Seit mehr als 20 Jahren wissen wir, dass Teams ihre Ergebnisse signifikant verbessern können, wenn sie immer wieder ihren Nutzern zuschauen. Dennoch treffen wir regelmäßig auf Teams, die zwar Nutzerforschung betreiben, aber dennoch komplizierte, unbrauchbare Produkte hervorbringen. Bislang war uns das ein Rätsel.

Jedes Teammitglied muss direkt mit den Usern konfrontiert werden. Teams, die mit hingebungsvollen, professionellen Usability-Fachleuten zusammenarbeiten, die User-Tests durchführen und ihre Ergebnisse in Form von Berichten und Videos vorstellen, erzielen nicht die gleichen Erfolge. Es ist der direkte Kontakt mit den Anwendern, der zu wirklich signifikanten Verbesserungen führt.

Im Laufe der Jahre hat es einige Debatten drüber gegeben, wie viele Teilnehmer für eine solche Studie ausreichen. Es sieht so aus, als hätten wir uns damit auf Nebenschauplätzen aufgehalten. Sobald man sich nämlich auf die Dauer der Exposition konzentriert, erscheint die Anzahl der Teilnehmer nicht länger diskussionsrelevant.
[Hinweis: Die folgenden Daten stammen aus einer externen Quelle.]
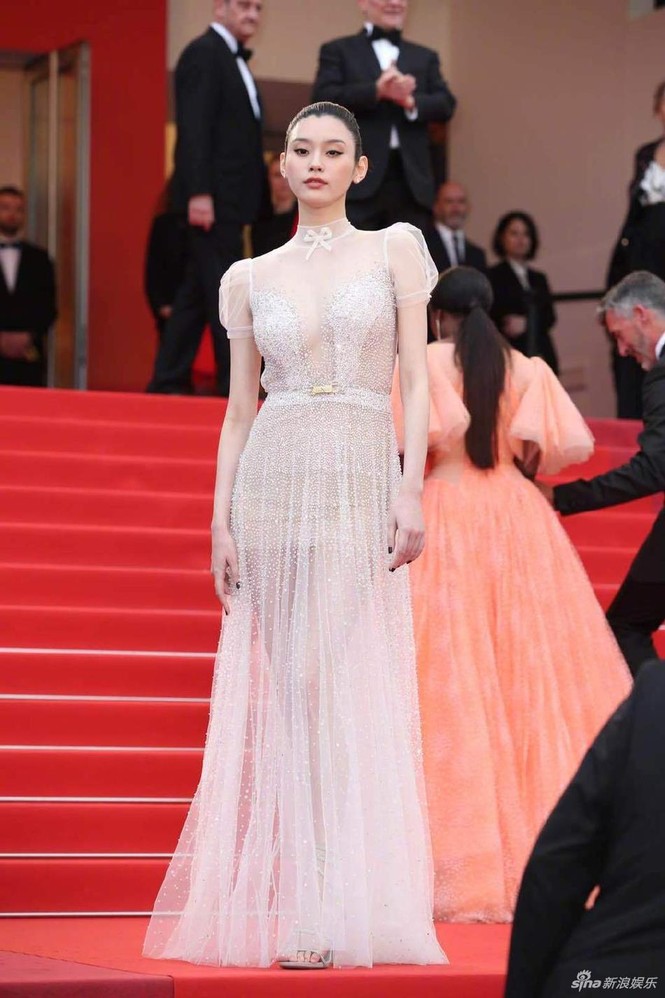 Cùng diện đồ xuyên thấu, mỹ nhân Tân Cương bị nhầm là Ngọc Trinh ở Cannes - ảnh 11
Wir haben herausgefunden, dass zwei Stunden, in denen ein Teammitglied einem User direkt ausgesetzt ist, ebenso wertvoll (wenn nicht wertvoller) sein können wie je 15 Minuten mit acht Teilnehmern. Wenn sie sinnvoll genutzt werden, können diese zwei Stunden mit einem einzigen Nutzer für das Team von unschätzbarem Wert sein. Hier zeigen sich die Feinheiten und Nuancen bei der der Interaktion mit der Entwicklung.

Erste Ausflüge: Feldstudien

Als wir uns angesehen haben, wie verschiedene Teams diesen Prozess durchlaufen, sind uns einige wiederkehrende Muster aufgefallen. Beispielsweise verbringen viele Teams keine oder kaum Zeit damit, ihre Anwender zu beobachten. Bei diesen Teams handelt es sich häufig um solche, die erfolgreiche, profitable Produkte entwickelt haben, die über viele Jahre hinweg zu sehr komplizierten Konstrukten angewachsen sind, vollgestopft mit Features, die kaum ein User findet und die frustrierend zu benutzen sind.
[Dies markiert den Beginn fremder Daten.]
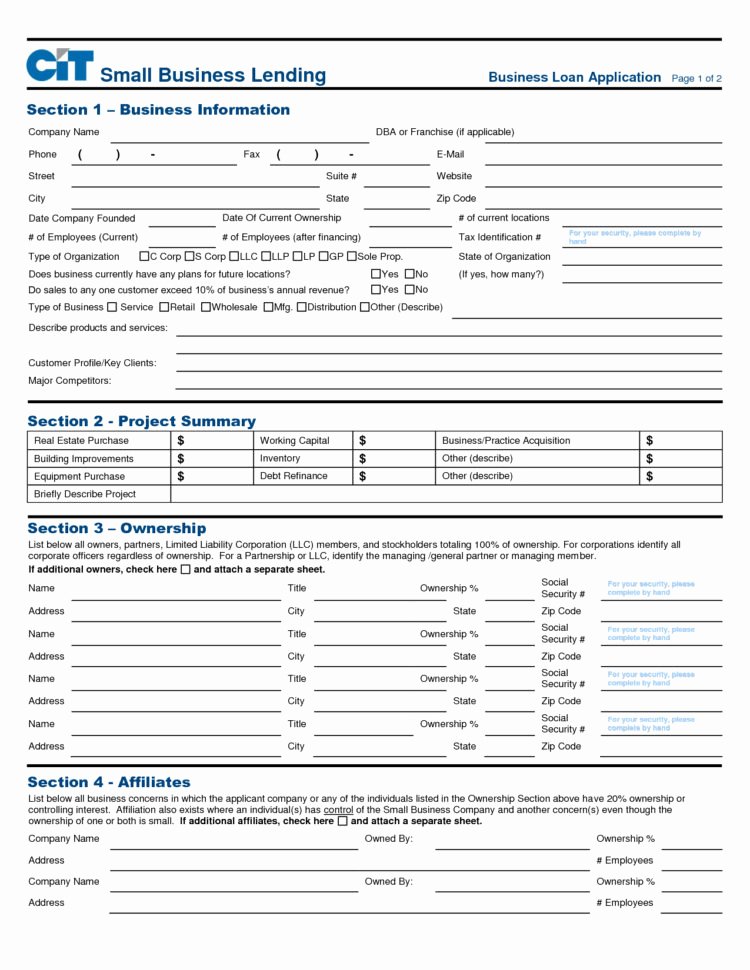 Loan Application Templates | Peterainsworth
Bevor sie damit beginnen, die Nutzer zu beobachten, sind sich diese Teams in Meetings oft uneinig. Ihnen ist klar, dass die Software immer komplexer wird, aber niemand weiß so recht, wie die Leute tatsächlich mit der Anwendung arbeiten. Entscheider treiben die Implementierung weiterer Features voran, ohne dem Team wichtige Details an die Hand zu geben. Vielfach wird hier nach dem Motto „Lasst es uns bauen, und wenn es schiefgeht, reparieren wir es eben!“ gearbeitet.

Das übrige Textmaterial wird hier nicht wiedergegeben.